I was sitting here trying to think of what to write. I was trying to think about how things about how we live that could be improved–things that would make us happier, things that would make the planet happier.
I got to staring out the window.
It snowed.
Birds chirped.
There was that hush over the city that comes in a blizzard.
See that photo above? That’s the view out my window. It may not look pretty through the lens of a cellphone camera, but it is.
Looking at that view, I thought–and I haven’t had many of these thoughts during this dark winter–I love this life just the way it is.
I love the fresh-fallen snow. Want to know what else I enjoy more than anything else in this world? Joking around. Laughing.
I ask Isabella sometimes: “Why were we born?”
She says: “To laugh.”
I ask her: “What’s our responsibility?”
She says: “To make sure other people can laugh, too”
Isabella will be four in a month. She didn’t think of these answers on her own. I brainwashed her into saying them.
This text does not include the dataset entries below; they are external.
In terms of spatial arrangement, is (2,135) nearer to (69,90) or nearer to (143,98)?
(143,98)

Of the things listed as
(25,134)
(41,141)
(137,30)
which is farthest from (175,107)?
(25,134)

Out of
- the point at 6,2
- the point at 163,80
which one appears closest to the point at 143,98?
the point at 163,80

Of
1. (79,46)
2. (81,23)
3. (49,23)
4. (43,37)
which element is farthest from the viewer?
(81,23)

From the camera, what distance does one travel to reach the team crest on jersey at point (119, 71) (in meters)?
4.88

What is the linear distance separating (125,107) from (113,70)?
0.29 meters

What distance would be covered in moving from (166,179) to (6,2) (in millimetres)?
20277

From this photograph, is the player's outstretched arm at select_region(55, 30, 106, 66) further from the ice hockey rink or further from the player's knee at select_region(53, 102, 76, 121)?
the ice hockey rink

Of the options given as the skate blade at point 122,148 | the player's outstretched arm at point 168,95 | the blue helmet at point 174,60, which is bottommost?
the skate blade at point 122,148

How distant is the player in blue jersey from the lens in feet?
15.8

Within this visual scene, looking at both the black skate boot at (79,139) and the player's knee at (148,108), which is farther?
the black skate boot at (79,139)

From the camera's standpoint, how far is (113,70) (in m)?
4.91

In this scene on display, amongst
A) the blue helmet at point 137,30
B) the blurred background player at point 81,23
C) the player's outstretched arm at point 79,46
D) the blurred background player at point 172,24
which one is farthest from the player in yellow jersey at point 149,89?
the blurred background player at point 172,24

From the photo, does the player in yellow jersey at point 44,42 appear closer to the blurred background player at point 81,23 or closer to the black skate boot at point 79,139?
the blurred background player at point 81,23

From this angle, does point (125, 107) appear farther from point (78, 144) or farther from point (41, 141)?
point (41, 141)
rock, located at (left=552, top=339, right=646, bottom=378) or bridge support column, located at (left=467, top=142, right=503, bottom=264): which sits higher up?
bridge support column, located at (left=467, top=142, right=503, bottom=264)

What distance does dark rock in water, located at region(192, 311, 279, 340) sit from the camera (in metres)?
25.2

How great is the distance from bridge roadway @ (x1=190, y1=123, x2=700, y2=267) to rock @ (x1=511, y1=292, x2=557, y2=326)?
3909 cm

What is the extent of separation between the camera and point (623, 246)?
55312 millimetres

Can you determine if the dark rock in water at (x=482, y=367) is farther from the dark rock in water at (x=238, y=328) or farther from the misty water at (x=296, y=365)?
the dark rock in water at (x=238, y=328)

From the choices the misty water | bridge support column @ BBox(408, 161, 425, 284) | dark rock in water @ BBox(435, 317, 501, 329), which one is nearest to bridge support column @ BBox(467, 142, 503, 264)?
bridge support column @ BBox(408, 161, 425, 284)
Guess what happens when she gives those answers in front of other people?
They laugh.
I was sitting here trying to think of something that could be improved so I had a subject for the blog. Just for a little while, looking out the window, I felt that nothing needed to be improved.
This is God’s (or the Creator’s or the Universe’s or the One’s or Mind’s or Infinity’s or, simply, Our) world. It has some terrible problems. It also has a lot of people who care about the problems. It helps to watch for kindness on the street.
Whatever.
I’m enjoying the storm. Just now, I’m enjoying the storm and thinking about how Isabella is going to make me scrape the snow off the cars so she can eat it.
I’m going to try to remember to ask her why were born. I haven’t played that game with here for a while.
Just now, I don’t want to improve a thing.
So I wondered, I thought maybe it might be fun if we all–the entire community on this blog–weighed in and told each other something they’ve seen or an experience they’ve had or someone they love that makes them feel like they don’t want to change a thing.
Help me–help us–to remember to love things just as they are. Tell us what you think, in your own personal life, is wonderful about this world we live in? What, for you, makes this planet worth saving? Tell us a story.
Because for me, today, it’s snow.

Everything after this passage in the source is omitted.